Bei Sexualdelikten aller Art kommt dies sehr häufig vor. Ob in dieser Situation der Beschuldigte/Angeklagte schweigen sollte oder nicht, muss
mit einem erfahrenen Verteidiger besprochen werden. Es gibt u.a. die Möglichkeit einer schriftlichen Einlassung oder einer polizeilichen Beschuldigtenvernehmung; an einer Vernehmung sollte dann aber der Verteidiger unbedingt teilnehmen.
Aussage gegen Aussage heißt dann aber nicht automatisch, dass das Ermittlungsverfahren eingestellt wird oder ein Freispruch erfolgt. Die Staatsanwaltschaft wie auch das spätere Gericht müssen dann die Aussagen bewerten und gewichten. Nach der Rechtsprechung des BGH gehört hierzu u.a. eine Inhaltsanalyse der Angaben, die Prüfung der Entstehung der Aussage, die Bewertung einer Aussagemotivation und die Konstanz, Detailliertheit und Plausibilität der Angaben.
Nach dem Gesetz ist das Gericht hierbei in der Bewertung frei. Das Gericht muss aber entsprechend der BGH-Rechtsprechung seine Bewertung sehr genau darstellen und begründen.
Der Verteidiger wird im Vorfeld und im Prozess insbesondere auf die Schwachstellen der einen belastenden Zeugenaussage (u.a. Widersprüche, Belastungseifer, fehlende Konstanz) hinweisen.
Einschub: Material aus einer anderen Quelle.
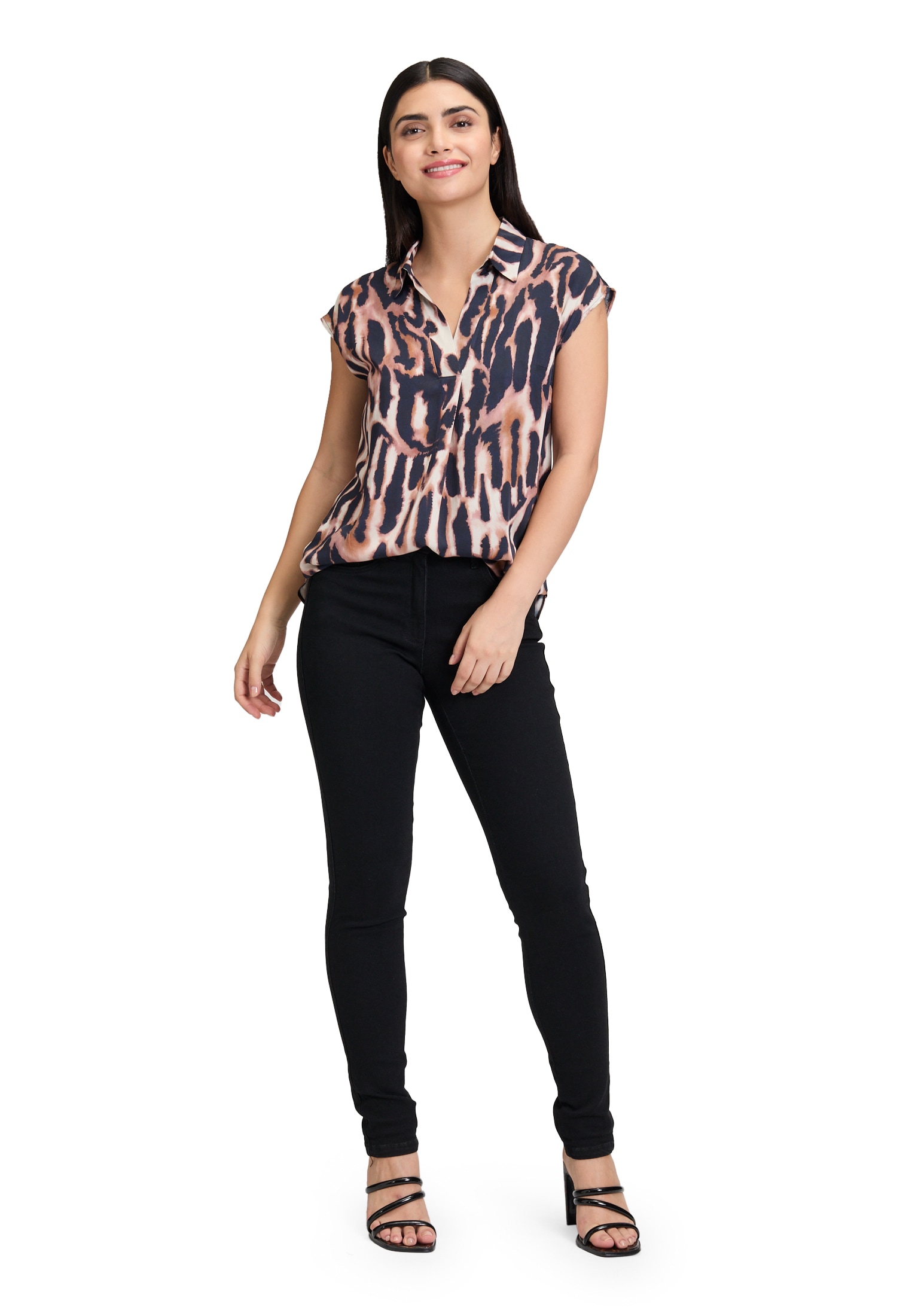 Betty Barclay Satinbluse »Satin-Bluse mit Kragen«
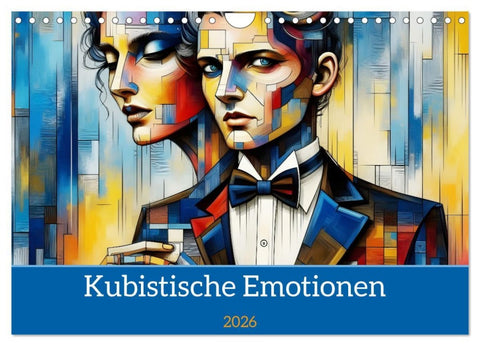 Kubistische Emotionen (Wandkalender 2026 DIN A4 quer), CALVENDO Monatskalender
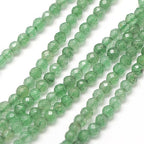 LiQunSweet 120 Pcs 3mm Natural Green Aventurinee Beads Strands Faceted Round Small Loose Crystal Gemstone Bead Spacer for DIY Jewelry Craft Making - color: Natural Green Aventurinee Beads_3mm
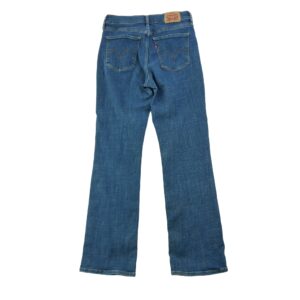 Jean coupe ajustee femme bleu Levi Strauss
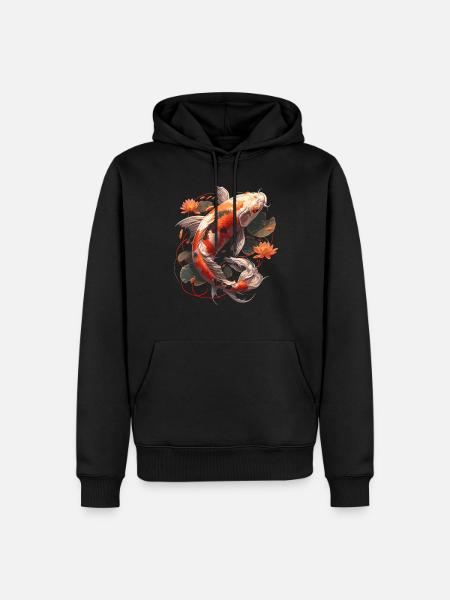 Kois Koi Karpfen - Männer Premium Bio Hoodie - Schwarz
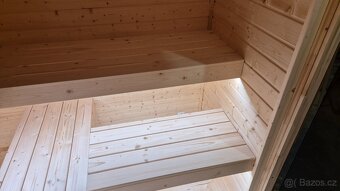 Sauna 200x280cm s předsíní pro 6-8 osob - 7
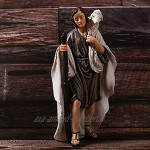 Colcolo 12x Main-Peint Les Santons Crèche de Noël Figurine Décor À La Maison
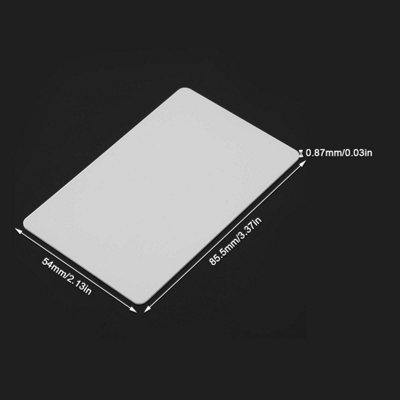 10-Pack NFC Contactless Smart White Cards S50 IC 13.56MHz RFID Writable ...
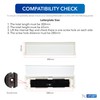 Xfort MailPlate Surround 12" Letterplate White, Premium Draught Proof Postal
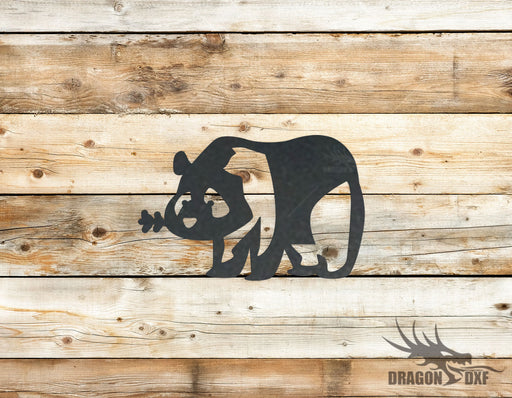 Panda design 2  -  DXF Download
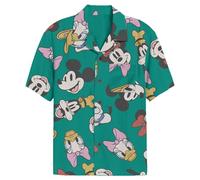 Disney Camicia Button Down da Uomo Topolino e Amici, Multicolore, XL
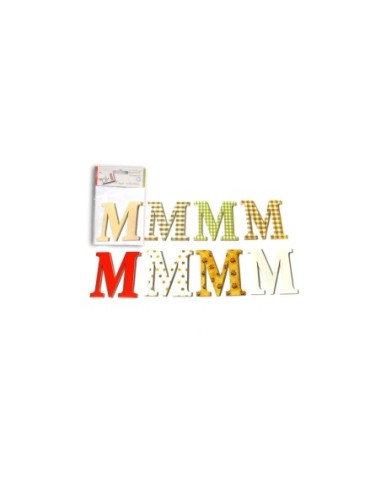 CRAFTS-PACK 8 LETRAS MAD.DECOR"M"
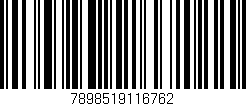 Código de barras (EAN, GTIN, SKU, ISBN): '7898519116762'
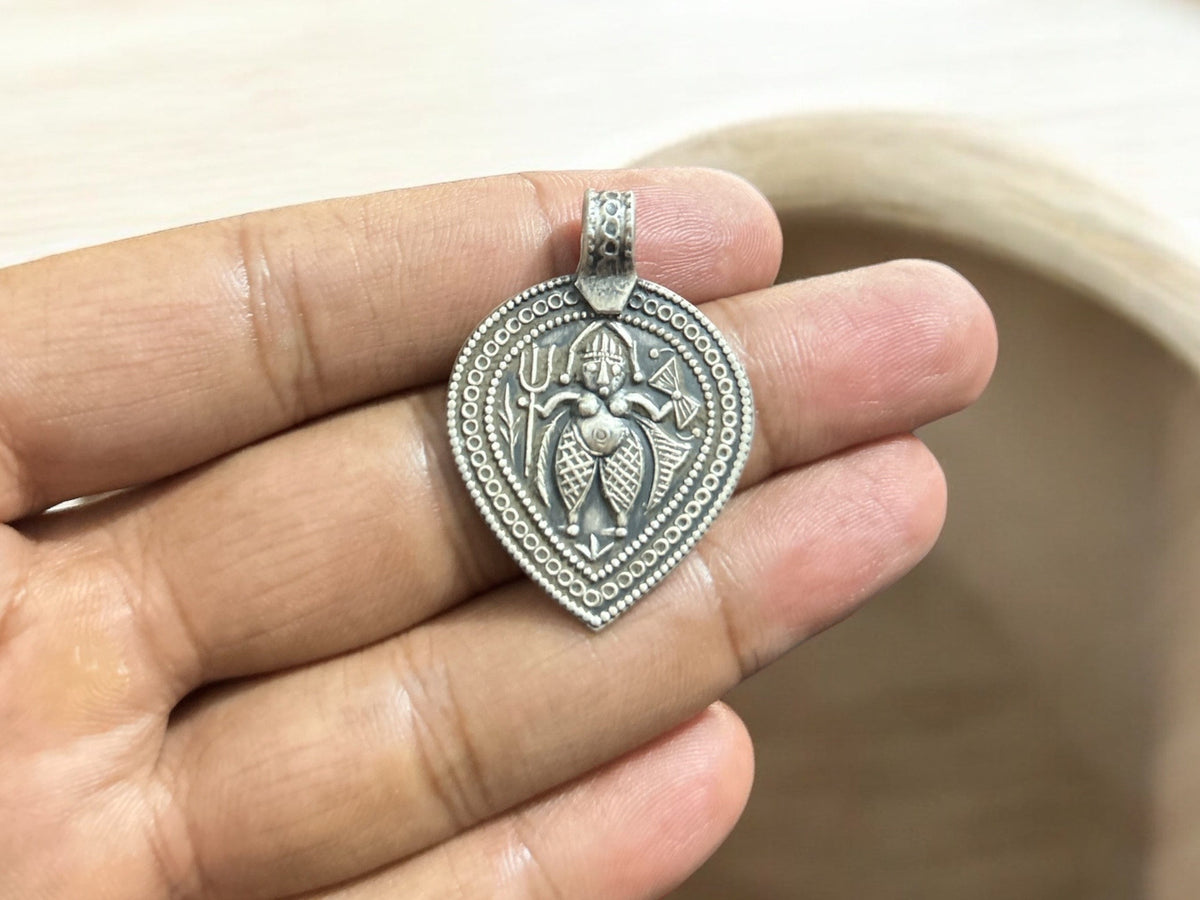 925 Sterling Silver Shiva Pendant  Oxidized Vintage Lord Shiva Charm  Hindu Spiritual Jewelry  Trishula Damaru Amulet  Spiritual Gift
Im Prozess wird der Verteidiger dann durch eine harte, konfrontative Befragung des Zeugen versuchen, diesen in Widersprüche zu verwickeln.
Da die Folgen solcher Verfahren und Urteile häufig sehr erheblich sind, muss eine möglichst umfangreiche Vorbereitung in allen Verfahrensabschnitten erfolgen.